**GOAL OF THE EXERCISE:** Without the images, output each record below as it stands.

**Crawled caption data:**
-*-*-

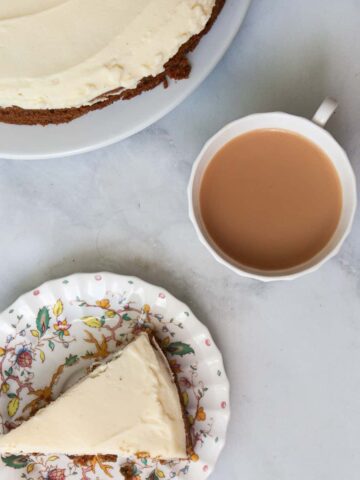 A piece of gluten free carrot cake on a plate with a cup of tea and the cake shown behind it.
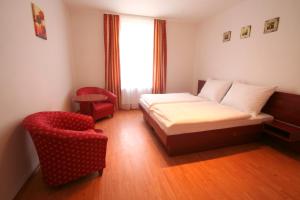 Posteľ alebo postele v izbe v ubytovaní Apart Hotel Susa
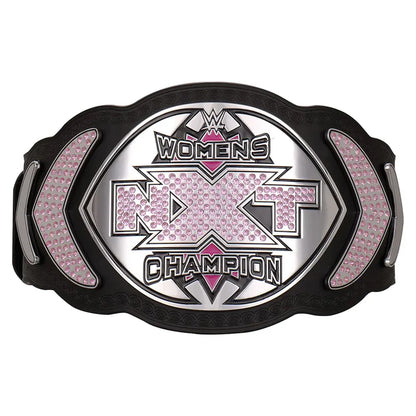 WWE Women's NXT Champion belt featuring a black textured frame, silver metallic lettering, and pink rhinestone accents on a white background.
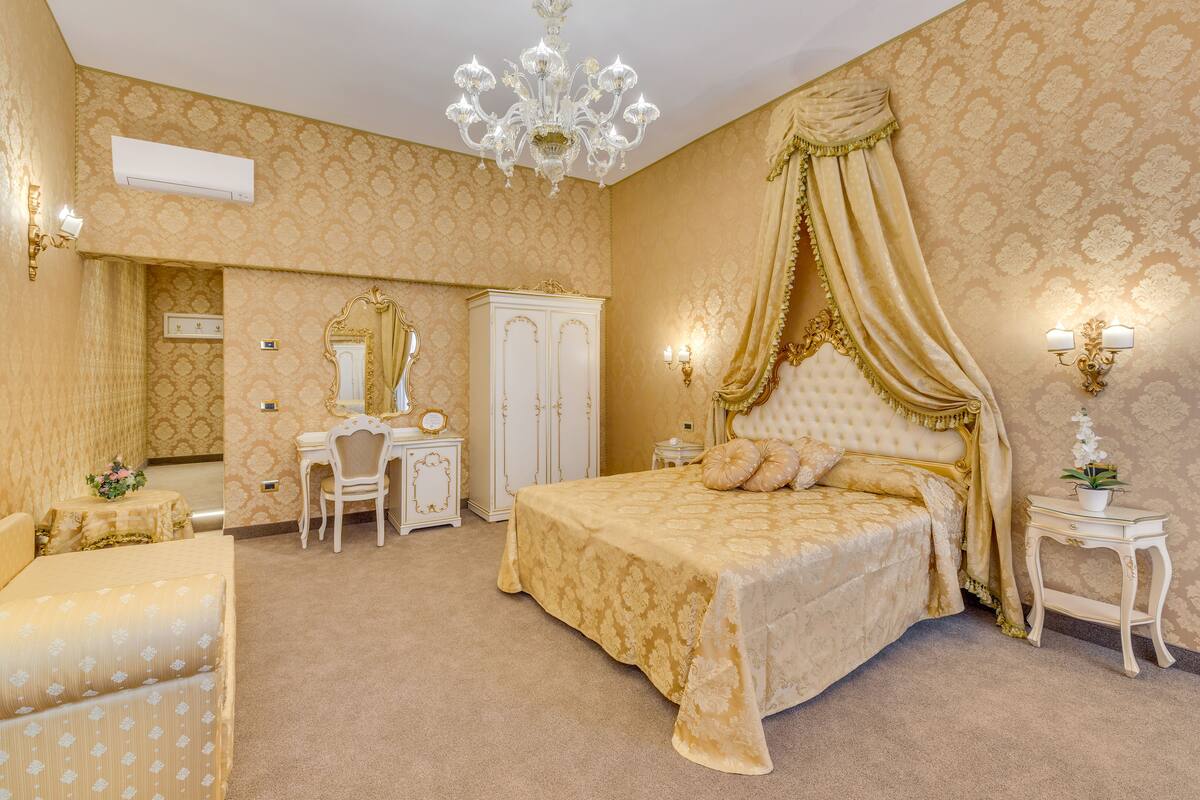 A luxurious bedroom with a large bed, a vanity with a mirror, a dressing table, and a chandelier.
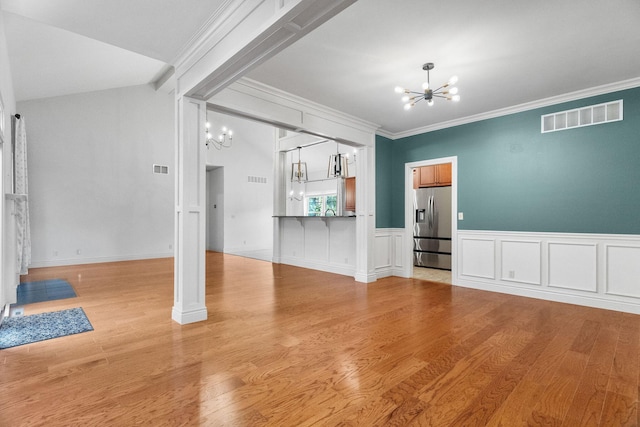 253 Cedar Glade Dr, Branson West, MO 65737 - unfurnished living room with a chandelier, ornamental molding, light wood-style flooring, and a wainscoted wall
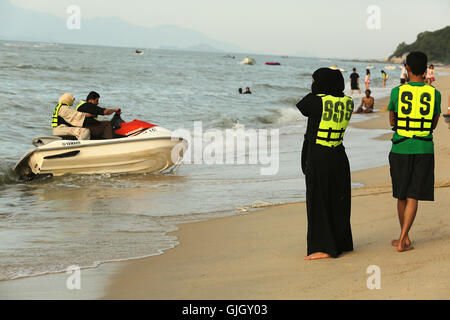 Penang, MALAYSIA. 24th Feb, 2016. A Muslim woman wearing a full burqa rides a WaverRunner with a man during a day at the beach in Penang, Malaysia on February 21, 2016. The mayor of Cannes in southern France has banned full-body swimsuits known as ''burkinis'' from the beach, citing public security concerns and fears. © Stephen Shaver/ZUMA Wire/Alamy Live News Stock Photo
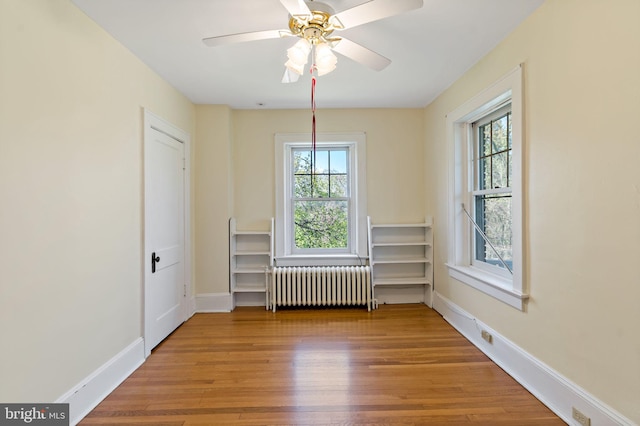 spare room with radiator heating unit, wood finished floors, and a healthy amount of sunlight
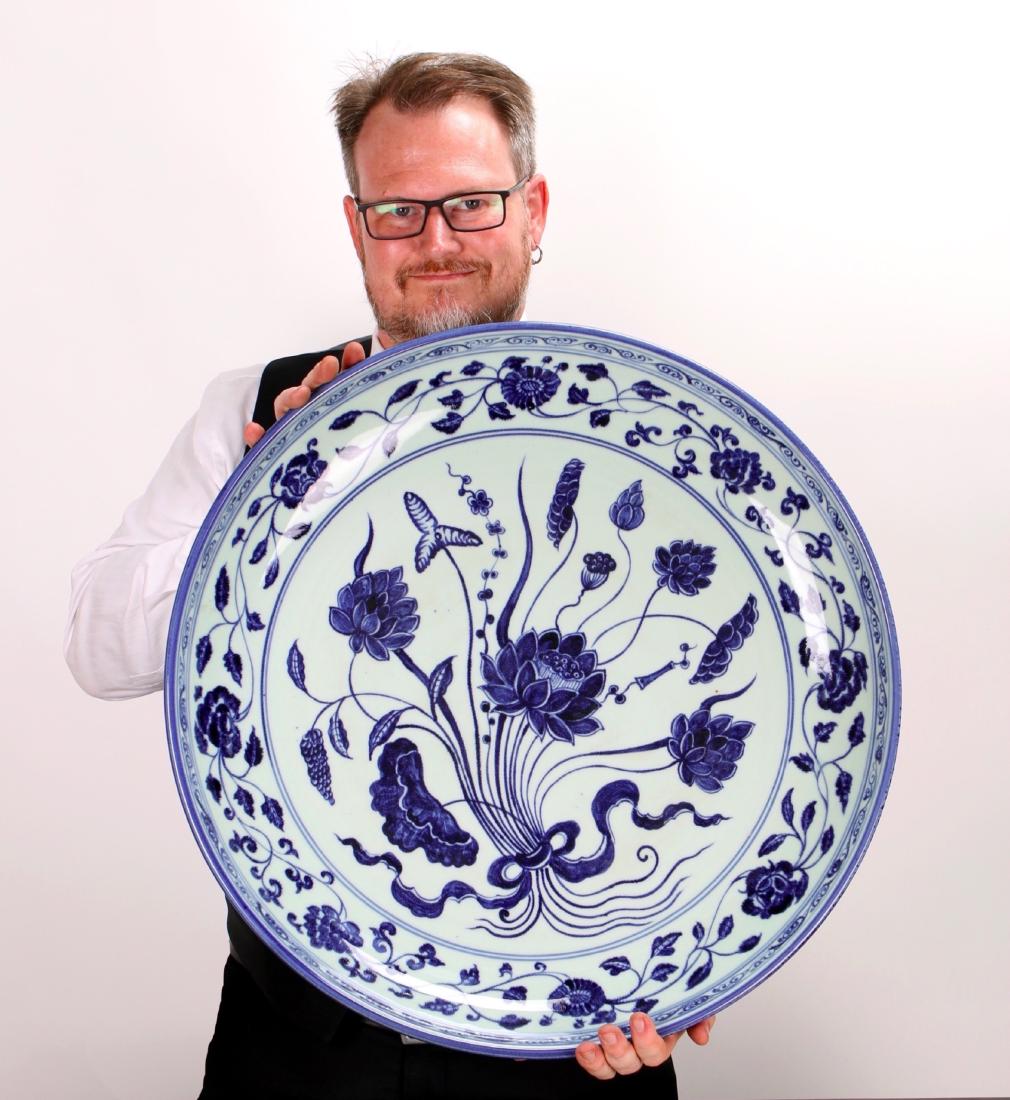LARGE BLUE & WHITE MING DYNASTY LOTUS CHARGER: LARGE BLUE & WHITE MING DYNASTY LOTUS CHARGER: The center has a bouquet of water flowers surrounded by a wide flower and tendril border. The outside rim repeats the flower and tendril border under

-*-*-

**YOUR RESPONSE:**
 A piece of gluten free carrot cake on a plate with a cup of tea and the cake shown behind it.
 Posteľ alebo postele v izbe v ubytovaní Apart Hotel Susa
 WWE Women's NXT Champion belt featuring a black textured frame, silver metallic lettering, and pink rhinestone accents on a white background.
 A luxurious bedroom with a large bed, a vanity with a mirror, a dressing table, and a chandelier.
 253 Cedar Glade Dr, Branson West, MO 65737 - unfurnished living room with a chandelier, ornamental molding, light wood-style flooring, and a wainscoted wall
 Penang, MALAYSIA. 24th Feb, 2016. A Muslim woman wearing a full burqa rides a WaverRunner with a man during a day at the beach in Penang, Malaysia on February 21, 2016. The mayor of Cannes in southern France has banned full-body swimsuits known as ''burkinis'' from the beach, citing public security concerns and fears. © Stephen Shaver/ZUMA Wire/Alamy Live News Stock Photo
 spare room with radiator heating unit, wood finished floors, and a healthy amount of sunlight
LARGE BLUE & WHITE MING DYNASTY LOTUS CHARGER: LARGE BLUE & WHITE MING DYNASTY LOTUS CHARGER: The center has a bouquet of water flowers surrounded by a wide flower and tendril border. The outside rim repeats the flower and tendril border under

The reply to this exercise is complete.